Top of Data records
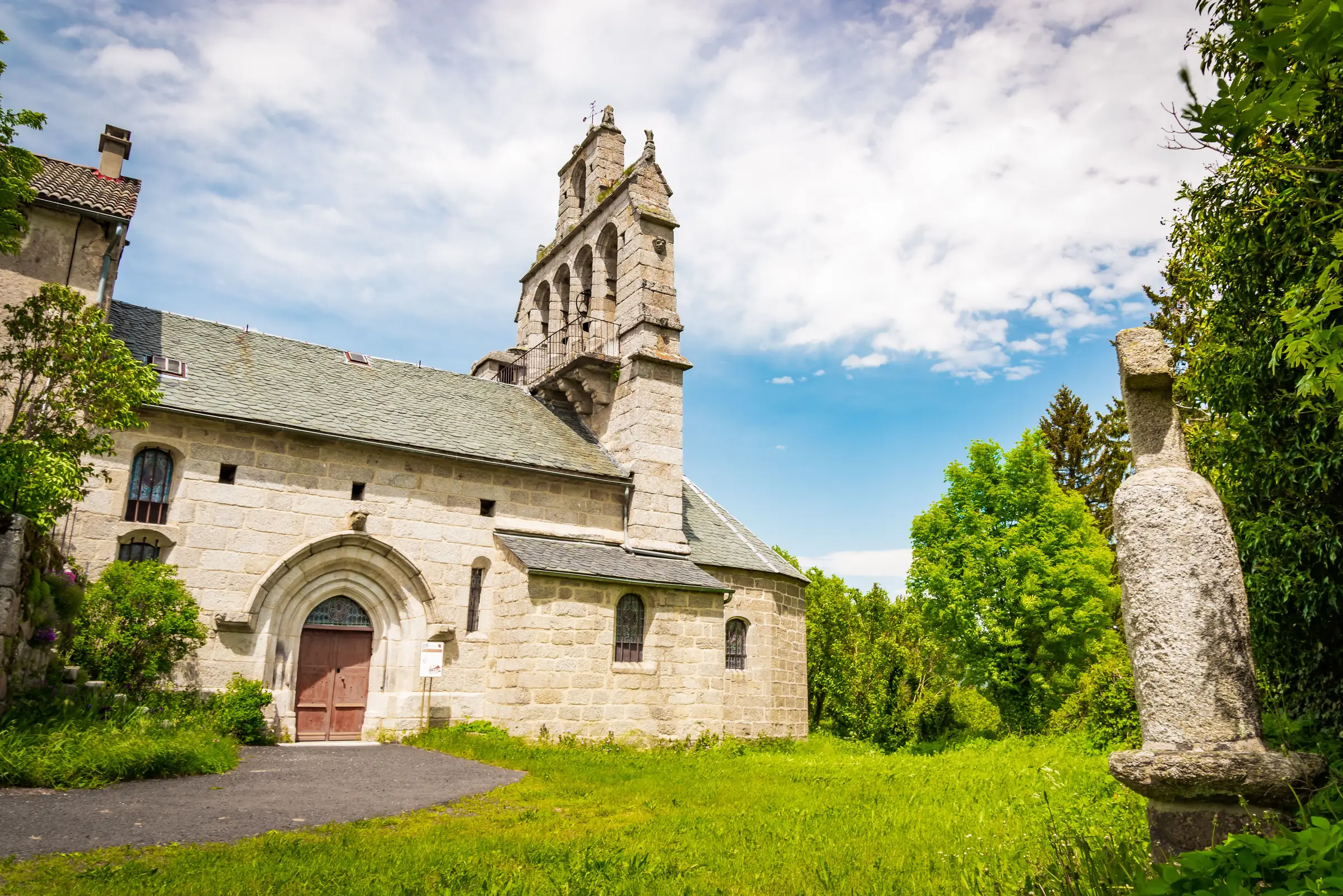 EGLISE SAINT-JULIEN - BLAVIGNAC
Bottom of Data records
Top of Data records
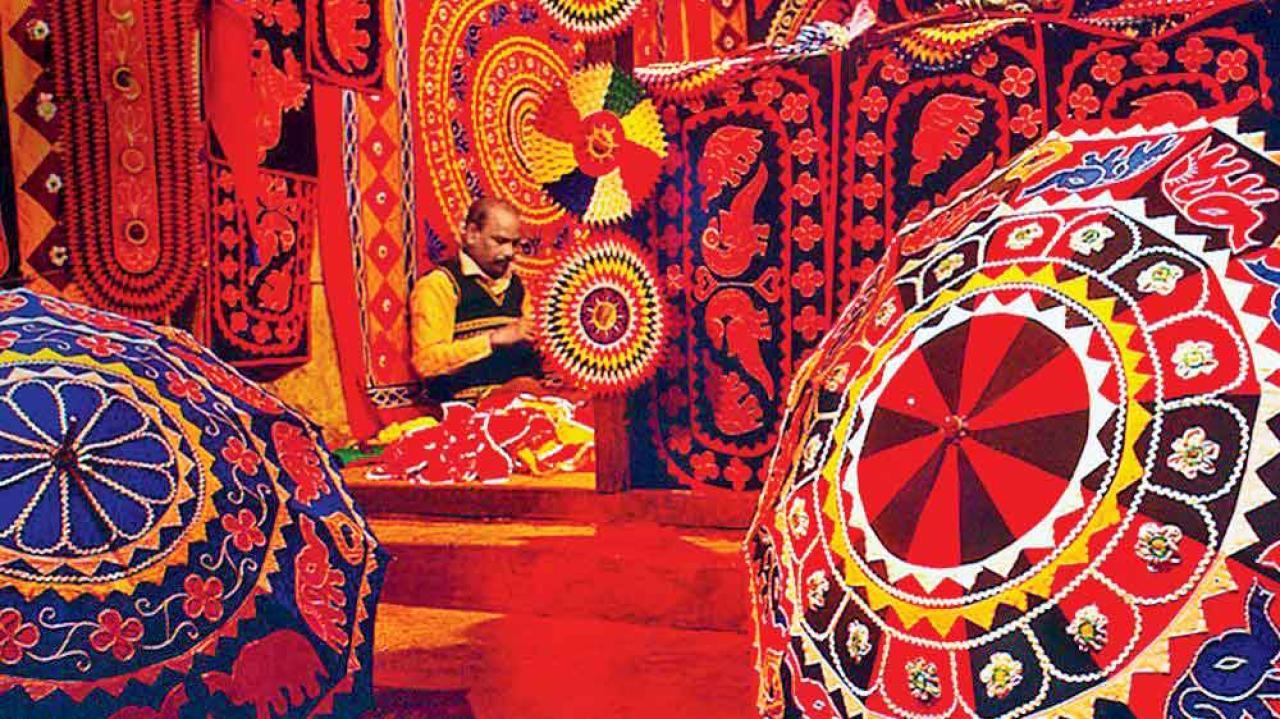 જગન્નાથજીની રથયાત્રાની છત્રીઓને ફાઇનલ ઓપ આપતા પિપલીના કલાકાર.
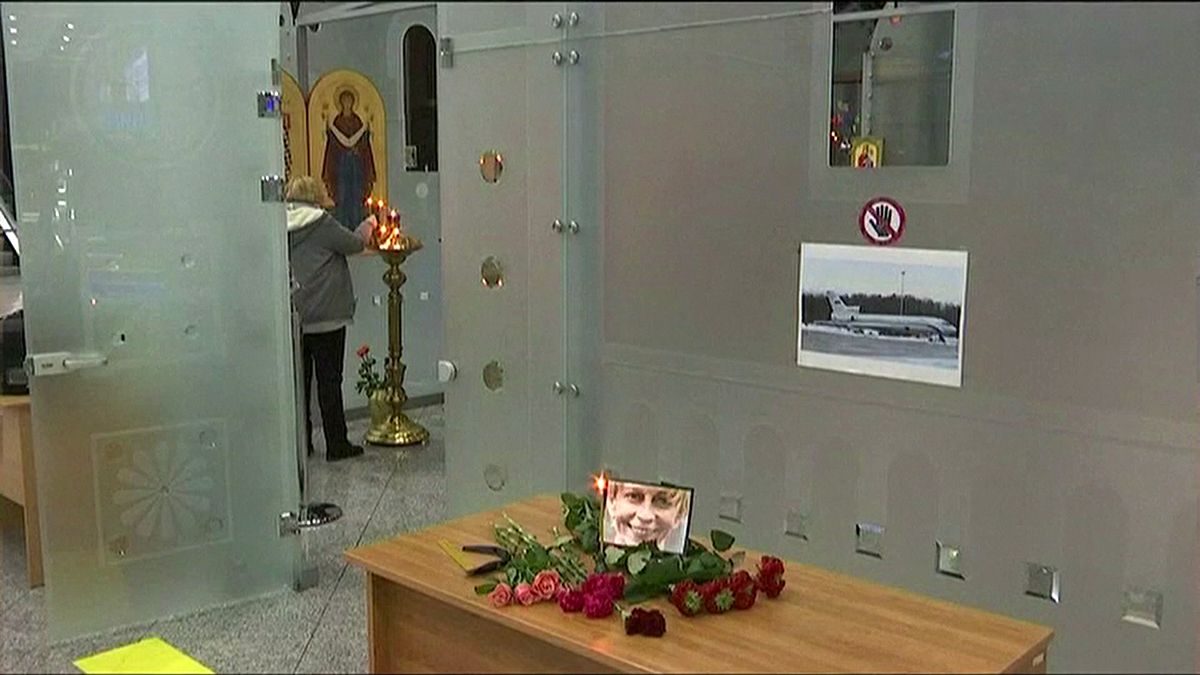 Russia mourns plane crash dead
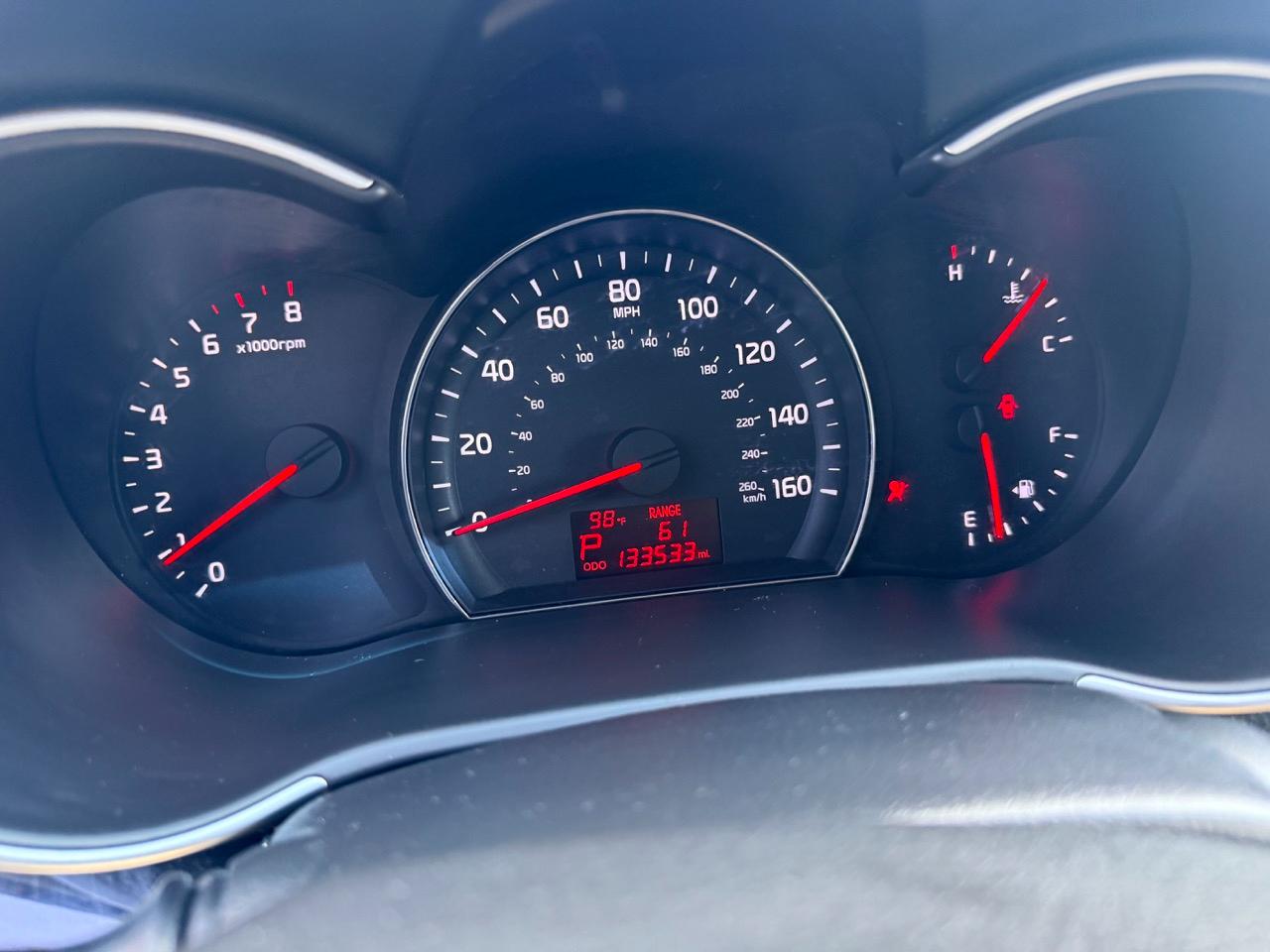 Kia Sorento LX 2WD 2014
Bottom of Data records
In the data above, find the line with "Russia mourns plane crash dead" and the line with "Kia Sorento LX 2WD 2014". Please copy exactly those two lines and every line between them, but not the pictures.

[Your solution]
 Russia mourns plane crash dead
 Kia Sorento LX 2WD 2014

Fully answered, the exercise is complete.